Programs were funded to save young people from the clutches of criminality. More police were put on the beat. And a great deal more resources were spent to deal sternly with convicted criminals -- relying overwhelmingly on incarceration to punish the guilty and protect the innocent.

In the broader view, jails and prisons are at the end of a long social continuum. The steel walls, coils of razor wire and now electrified fences have come to represent in the minds of many the failure of families, schools and social programs to develop in individuals the skills and character to abide by the social compact.

Impatience, frustration and fear have spawned dozens of bills over the last decade that "get tough" on criminals. While the State's sentencing laws are complex, one such reform characterizes, simply and universally, the public sentiment -- "Three Strikes." The law enacted by the vote of lawmakers and the people in 1994, requires that the sentences for individuals convicted of a prior felony be doubled and on the third felony that they be sentenced to a minimum of 25 years.

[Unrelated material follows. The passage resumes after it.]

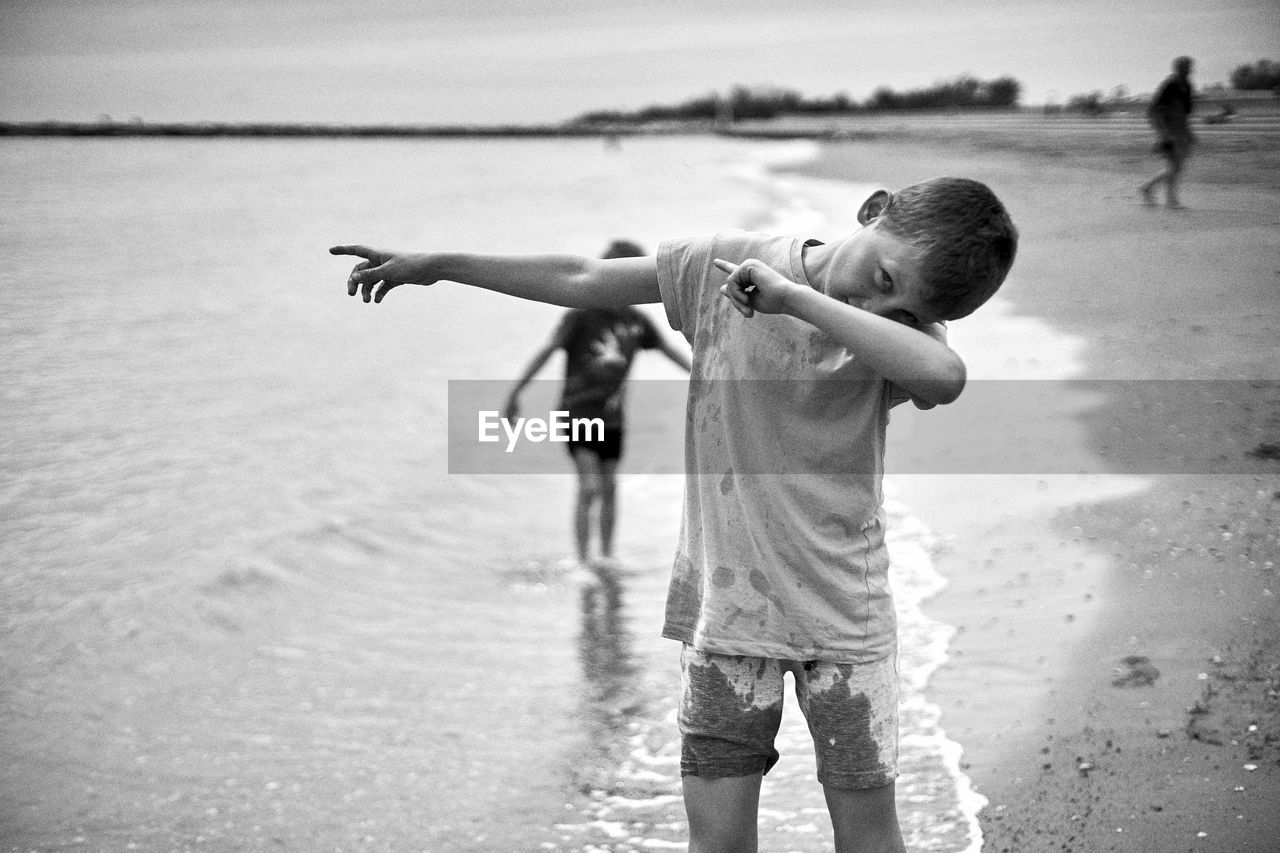 Portrait of boy posing at beach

Three Strikes alone is not responsible for the dramatic growth in prisons and the inmate population. The precise reasons for the increasing prison population are actually debated among experts. But certainly tougher stands by prosecutors and judges, stiffer sentencing laws, more crimes, more arrests and just more people in general have contributed to the surge in incarceration.

California builds the biggest prisons in the nation. And California's prison population is growing at a pace that could fill two new prisons every year. Each prison costs $280 million to build and $80 million a year to operate. In the last 13 years the State has opened 21 new prisons, yet prisons are more crowded today than they were before the construction boom began. The California Department of Corrections (CDC) asserts that to safely house the increasing prison population, 17 new prisons are needed before 2001 -- which would require doubling the $5 billion investment the State has made in new prisons over the last 15 years (2)

Those facts, more than any others, have delivered California to a crossroads in how it can best deal with criminals.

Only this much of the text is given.